Disclosed embodiments may involve transmitting first data 240a representing the trained first model 230a to the one or more server computers 120 though the communication network 130. By sending the first data 240a representing the trained first model 230a (acquired by performing the training locally) as opposed to sending the training dataset 228a to the one or more servers 120 for training, a user's data privacy may be safeguarded. Similarly, as seen in FIG. 3, other vehicles 110b-n may generate their own data (e.g., second data 240b, third data 240c, nth data 240n) that may subsequently be transmitted to the one or more servers 120.

Disclosed embodiments may involve obtaining, as the first data 240a, a gradient 232a between the first model 210a prior to the training and the first model 230a subsequent to the training. A gradient 232a as used in this disclosure may include update parameters (e.g., weights) representing the differences between the first model 210a and the trained first model 230a. By sending only the gradient 232a and not the entirety of the updated/trained model 230a, a transmission overhead may be reduced thereby improving performance of the communication network 130. Similarly, other vehicles 110b-n may obtain, as their respective data 240b-n, gradients 232b-n between their respective edge models 210b-n and trained edge models 230b-n that may subsequently be transmitted to the one or more servers 120.

Disclosed embodiments may involve receiving, from the one or more server computers 120 through a communication network 130, update data 250a that represents a model that is trained with aggregated model information from other edge models. Update data 250a as used in this disclosure may include the result of a global aggregation phase associated with FL. For example, the one or more server computers 120 may aggregates the data 240a-n (e.g., either the trained models 230a-n or the gradients 232a-n) received from each of plural edge vehicles 110a-n relative to the first model 210a and updates the first model 210a accordingly. The update data 250a may represent the updated first model itself, or a gradient between the updated first model and the original first model 210a. Similarly, the other vehicles 110b-n may each respectively receive update data 250b-n. The update data 250b-n may represent an update to the respective models 210b-n based on an aggregation of the data 240a-n relative to the respective models 210b-n. The update data 250b-n may each be substantially the same or different from update data 250a. In some embodiments update data 250a is sent from the one or more server computers 120 to each of the edge vehicles 110a-n

Disclosed embodiments may involve updating the first model 210a based on the update data 250a. After updating the first model 210a (and potentially the trained first model 230a if both copies are stored in the memory 117) with the update data 250a, the updated first model may be capable of generating inferences at a higher confidence level relative to both the original first model 210a and the trained first model 230a.
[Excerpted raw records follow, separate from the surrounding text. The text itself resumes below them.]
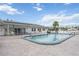 Beautiful community pool with ample seating and a well-maintained pool deck for relaxation at 170 Edgewood Dr, Osprey, FL 34229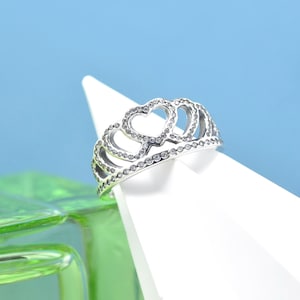 May include: A silver-colored ring in a tiara design, featuring heart-shaped cutouts and small, clear gemstones. The ring is displayed on a white surface against a blue background, showcasing its intricate details.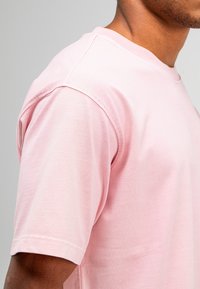 Lichtroze T-shirt met korte mouwen, gemaakt van zachte stof, met een ronde halslijn en versterkte naden langs de schouders.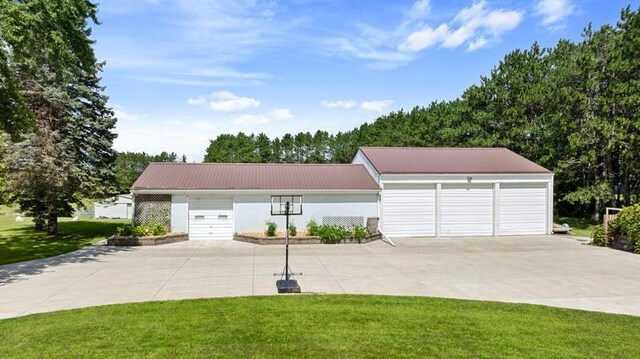 view of front of home with a garage and a front lawn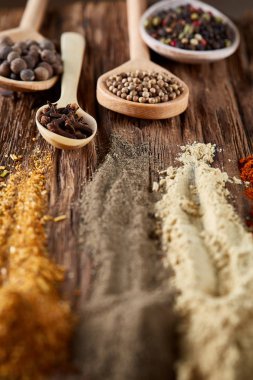 Tahta kaşıklar ile baharat vintage arka planda, perspektif, yakın çekim, seçici odak azalan sıra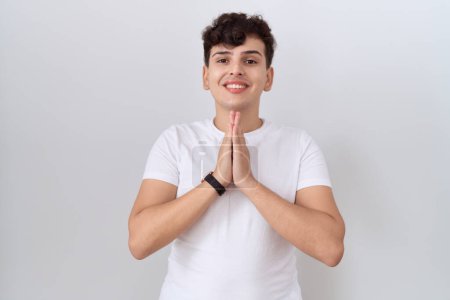 Foto de Joven hombre no binario vistiendo casual camiseta blanca rezando con las manos juntas pidiendo perdón sonriendo confiado. - Imagen libre de derechos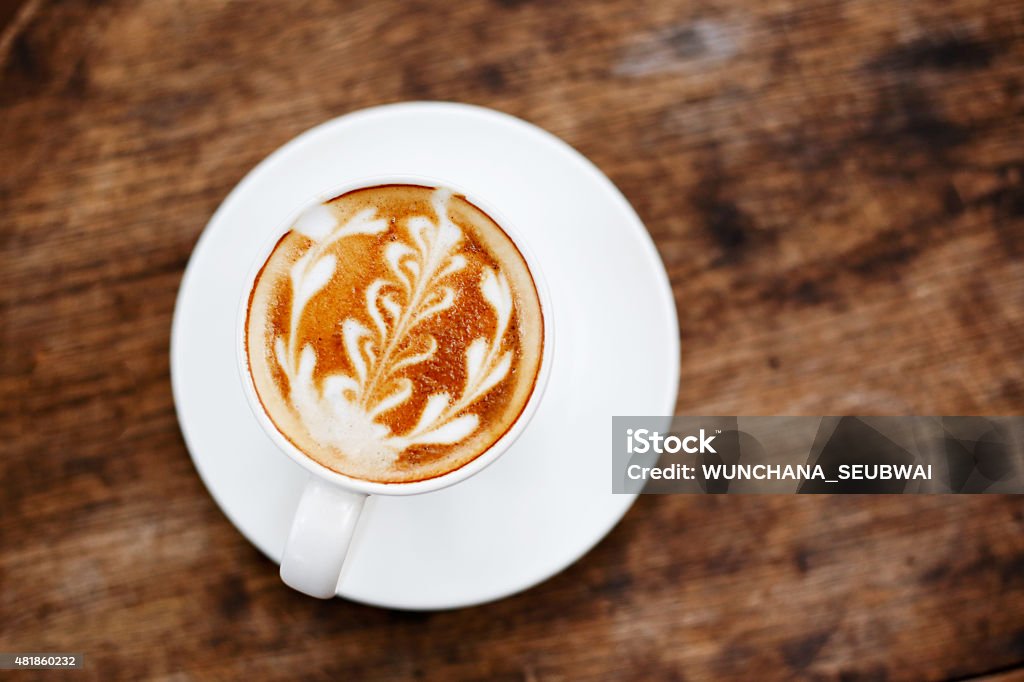 Cup of coffee with leaf pattern in a cup Cup of coffee with leaf pattern in a cup on wooden background 2015 Stock Photo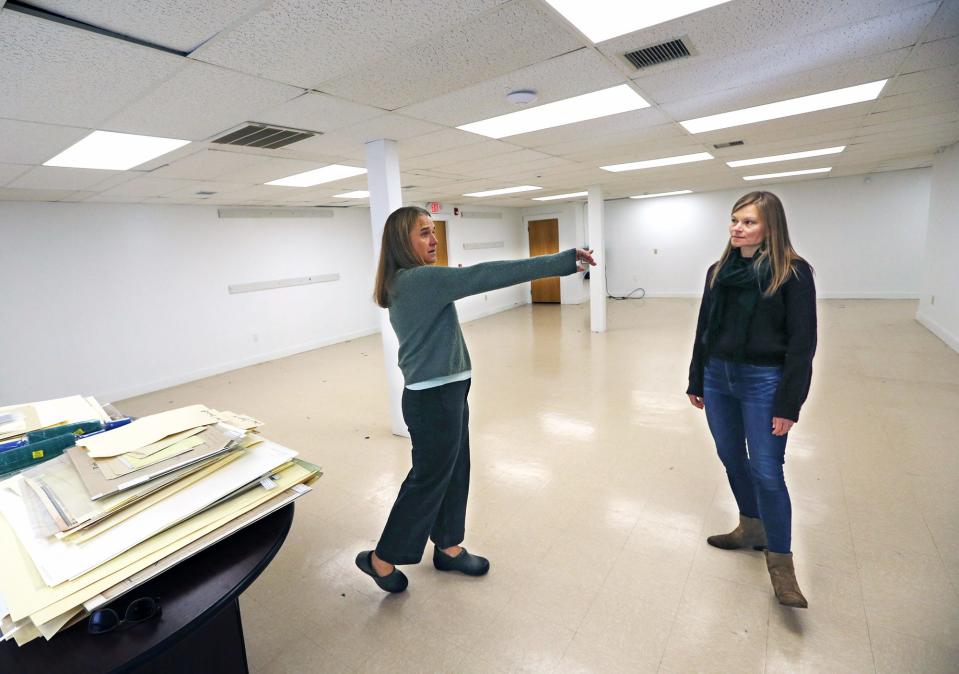 Megan Shapiro-Ross, executive director of Footprints Food Pantry, left, and Emily Flinkstrom, executive director of Fair Tide, talk Tuesday, Oct. 4, 2022 about the space for Mainspring, a new social services hub coming to Kittery, Maine.
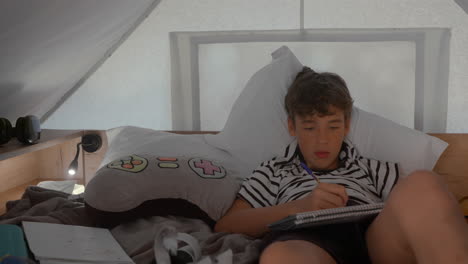 boy doing homework in his cozy bed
For example, the processor 118 may determine after running the first data item 222a through the updated first model that as an updated first inference, there is 98% confidence (up from 95% using the trained first model 230a and up from 90% using the original first model 210a), a bicycle has been detected heading north at twenty miles per hour and there is 90% confidence (up from 85% using the trained first model 230a and up from 80% using the original first model 210a), the detected bicycle will continue on this trajectory. Similarly, other vehicles 110b-n may update their respective edge models 210b-n respectively with update data 250b-n. Alternatively, the other vehicles 110b-n may update their respective edge models 210b-n with update data 250a.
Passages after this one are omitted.